This is the last instalment of Fanaura’s account of her mother tongue means to her. She is one of our longest standing Cook Island Maori translators.

The many dialects

Each island of the Cook Islands, with the exception of Atiu, Mauke and Mitiaro, as well as Manihiki and Rakahanga, have their own dialects, particularly of verbs and adjectives.  The exception of course being Pukapuka with a language totally different from the rest of us, but it is called Maori.

Map of the Cook Islands
The many islands of the Cook Islands

Here for example is the translation for the English words “speak”, “talk”, “converse”:

Rarotonga = tuatua, komakoma

Aituaki = autara, autaratara

Mangaia = koma (I think!)

Atiu, Mauke, Mitiaro = araara

Manihiki, Rakahanga = kauta

Penrhyn = akaiti (the ti has a si sound)

Pukapuka = talatala

Here is another example of a translated English sentence:

“Thank you very much indeed.”

Rarotonga = Meitaki maata ua atu ei.

Aituaki = Meitaki atupaka ua atu ei.

Mangaia = Meitaki ngao ua atu ei.

Atiu, Mauke, Mitiaro = Meitaki ranuinui ua atu ei.
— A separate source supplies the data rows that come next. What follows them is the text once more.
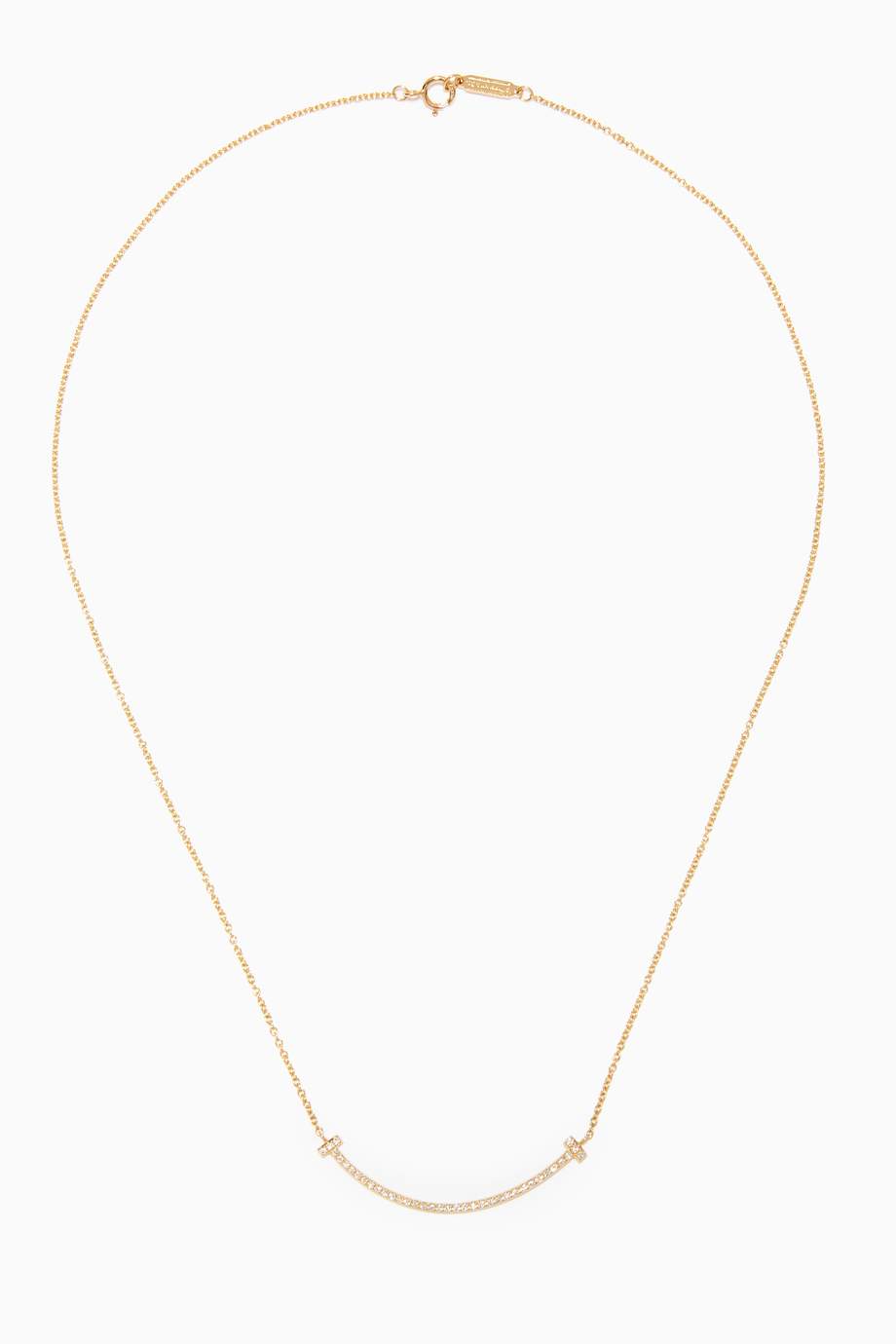 Shop Tiffany & Co. Gold Tiffany T Small Diamond Smile Pendant in 18kt ...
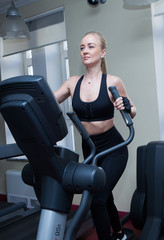 girls blonde with long hair in a black sports top and black leggings doing sports exercises for the leg muscles on the stepe in the sports hall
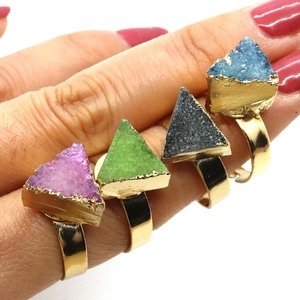 Detalle de cuatro anillos de cristal druzy triangular de colores en banda dorada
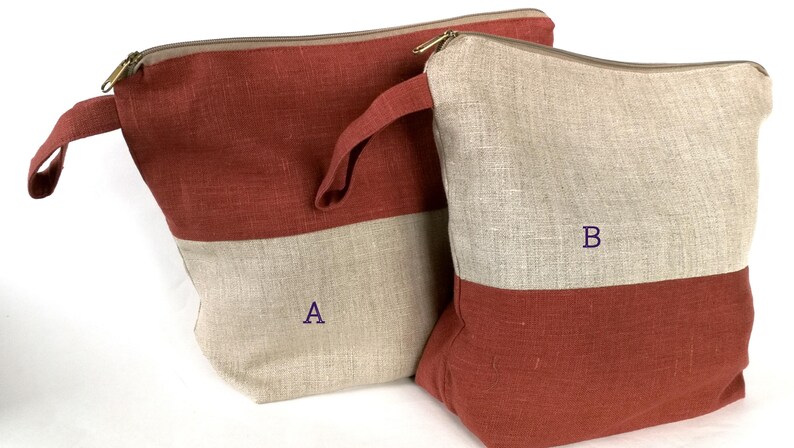 May include: Two linen zippered pouches, one red and beige, the other beige and red. The larger pouch has a handle and is labeled "A". The smaller pouch is labeled "B".
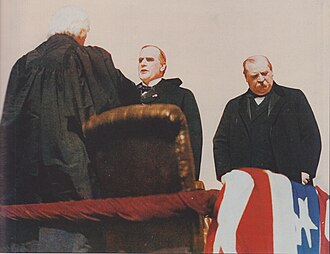 Outgoing President Cleveland, at right, stands nearby as William McKinley is sworn in as president by Chief Justice Melville Fuller.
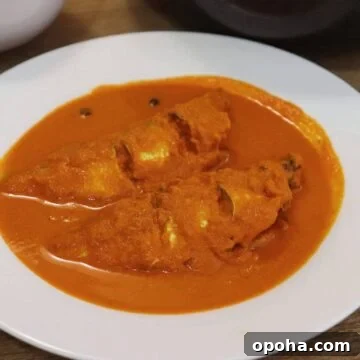 goan fish curry with coconut served in a white bowl.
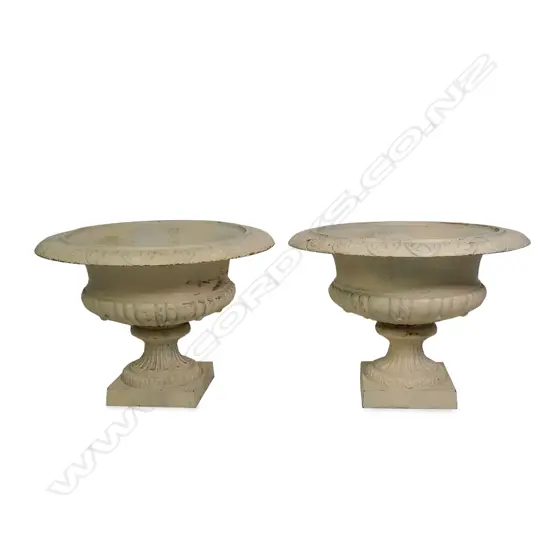 A pair of cast iron garden urns,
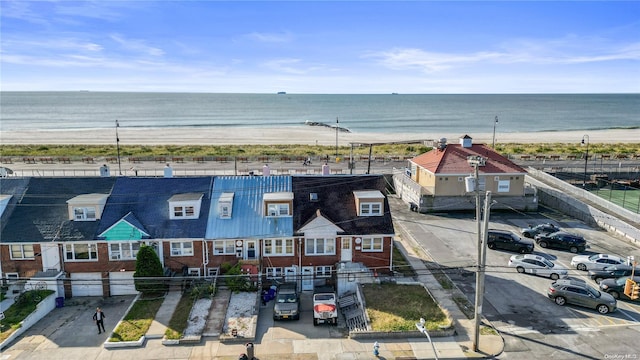 birds eye view of property with a water view and a view of the beach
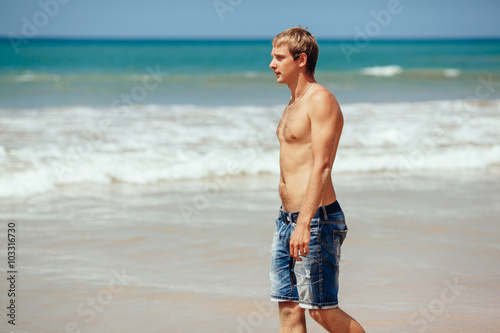 handsome man walking on the tropical beach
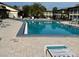 Community pool with lounge chairs surrounded by lush landscaping, and a shallow end at 4715 Jasper Dr # 208, New Port Richey, FL 34652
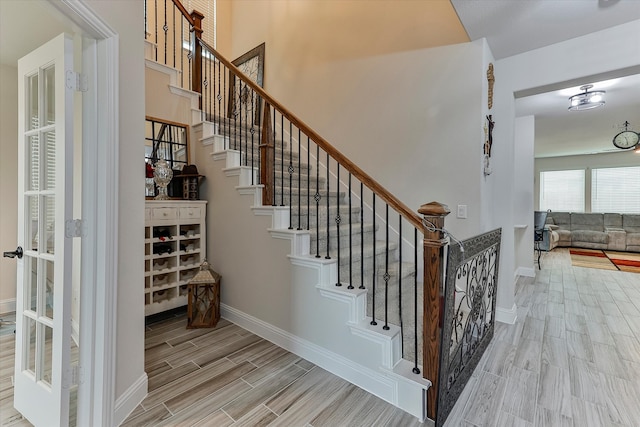 stairs featuring hardwood / wood-style flooring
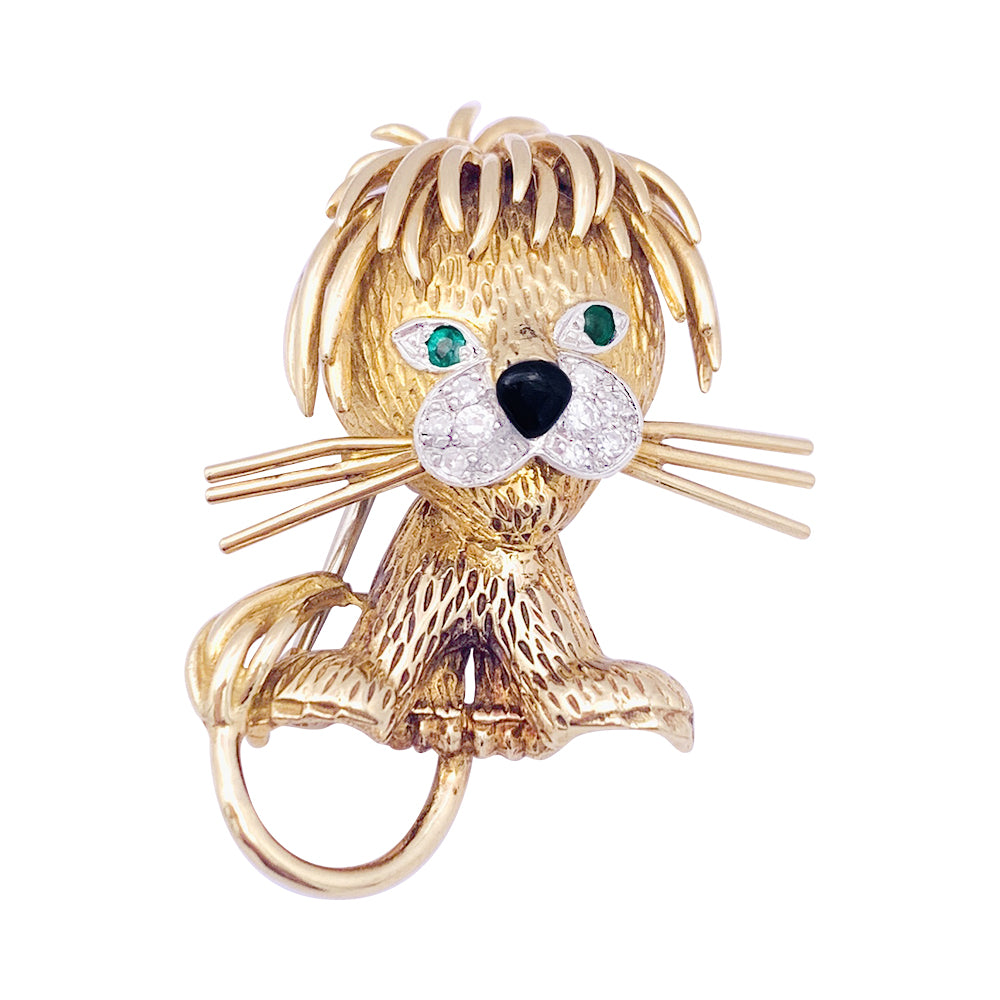 Van Cleef & Arpels brooch, "Ruffled Lion", in yellow gold, diamonds, emeralds and enamel.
Manihiki, Rakahanga = Meitaki (I’ve forgotten!) ua atu ei.

Penrhyn = Meitaki ua atu ei.

Pukapuka = Atawai wolo ye manaki (ye is pronounced with a ‘th”)

Naturally therefore, with my Mum and Dad, it was the Aitutakian dialect for us, but away from them, especially during the 5 years when my Dad was sent to Rarotonga to study at the Takamoa Theological College, it was the Rarotongan dialect for me at school, at play, when swimming with friends, at Brownies/Girl Guides, at Sunday School, and so on. So during our 5 years in Rarotonga, I spoke 2 dialects, Rarotongan and Aitutakian.

If one of the 3 of us unwittingly used a Rarotongan word, e.g. “akara” (“look”) instead of “akatau”, the other two would start laughing and mocking and teasing the now shamed person!  This went on all the time with me and my parents which made sure for me that I did not lose my Aitutakian dialect while we were in Rarotonga.

However, my father did tell me very firmly, that speaking in Aitutakian at a gathering of the people of Aituaki was fine, but at meetings of the Cook Islands people, I must speak in Rarotongan as that is the dialect that everyone understands.  Our Cook Islands Maori Bible is written in the Rarotongan dialect.

So all my life, I have used the Rarotongan dialect when needed, which includes of course doing translation work into Cook Islands Maori, otherwise, it is Aitutakian for me all the way!